__Work item__
Copy out nothing but the lines from the one holding "Cozy RV rental" through the end of the entries below, exactly as written and without the pictures.

━━━━━ Dataset ━━━━━

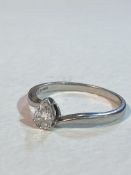 A platinum solitaire ring set with a pear shaped diamond (approx. 0.38ct) (T/U) (4.44g)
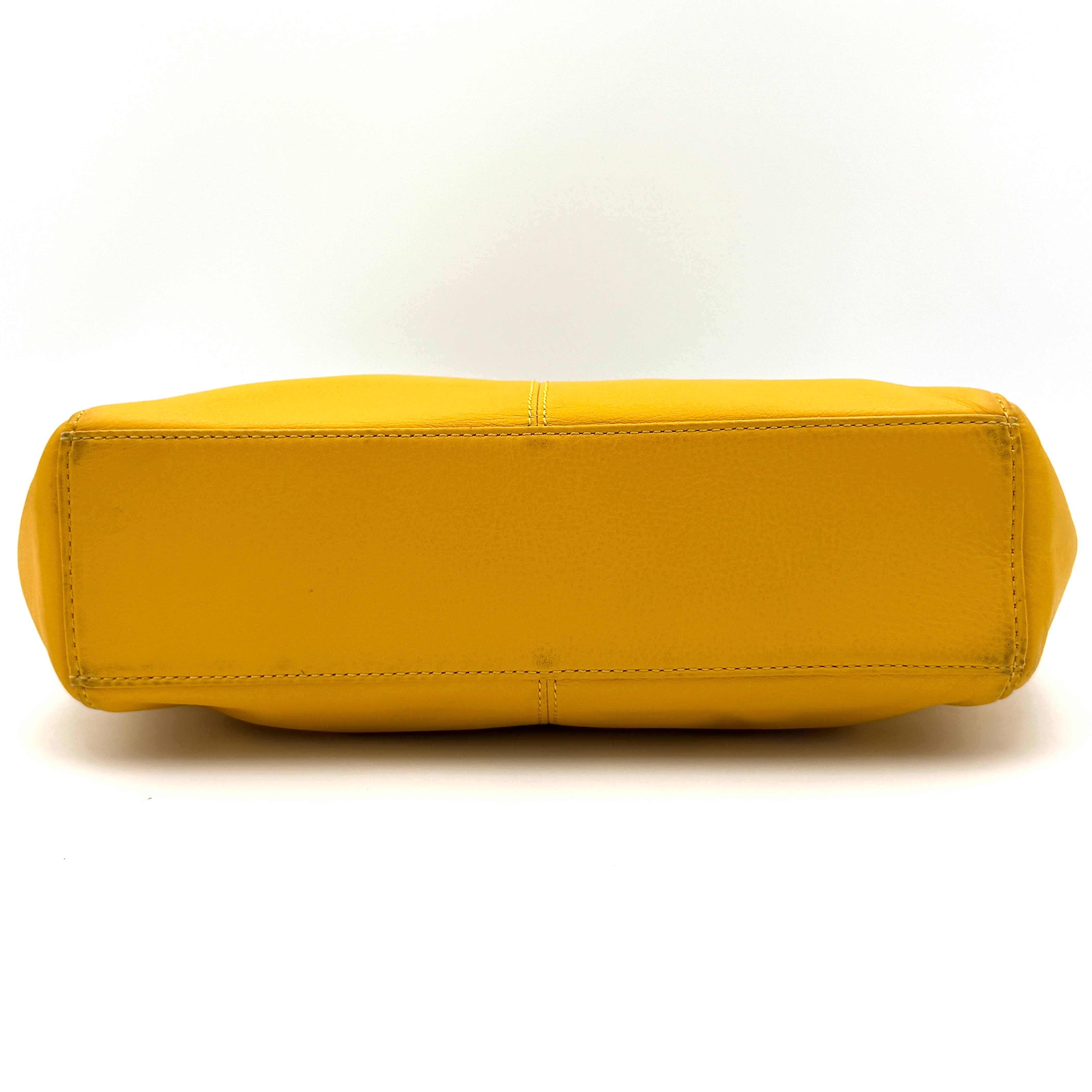 Coach Taylor Bette Mini Tote Bag in vibrant yellow leather with double top handles and detachable shoulder strap displayed beside it.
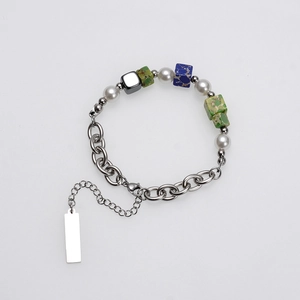 Detail van kralenarmband met witte parels, groene stenen en grove stalen schakelketting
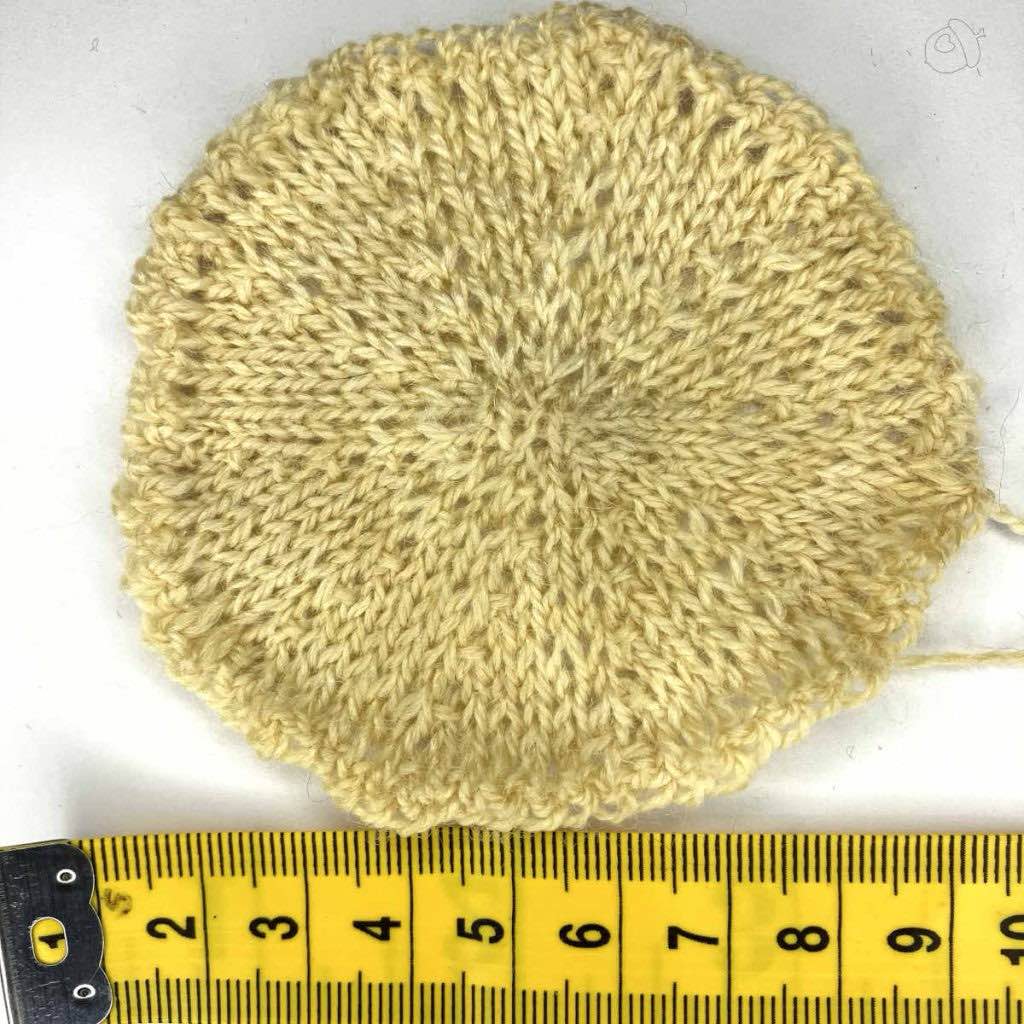stockinette knit circular swatch. the yarn color is off-white the background is white. there is a yellow tape ruler showing 10 cm. 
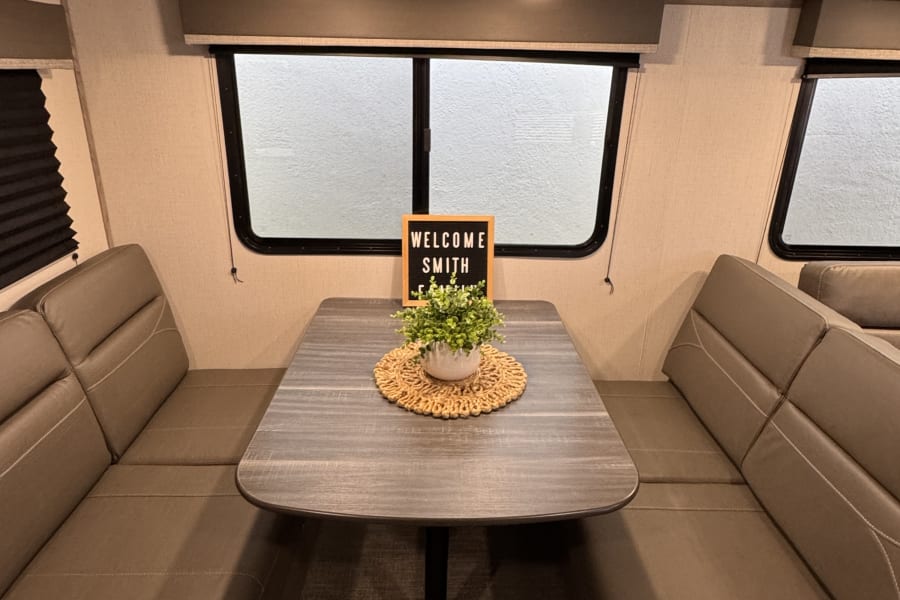 Cozy RV rental interior features a dinette with bench seats, table, 'Welcome Smith' sign and plant.
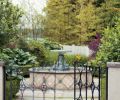 Boxwood and topiary are seen again in the larger garden, and even in the intimate courtyard, accessed from the motor court, which features a charming fountain designed by Larry Cavender.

━━━━━

__Exercise output__
 Cozy RV rental interior features a dinette with bench seats, table, 'Welcome Smith' sign and plant.
 Boxwood and topiary are seen again in the larger garden, and even in the intimate courtyard, accessed from the motor court, which features a charming fountain designed by Larry Cavender.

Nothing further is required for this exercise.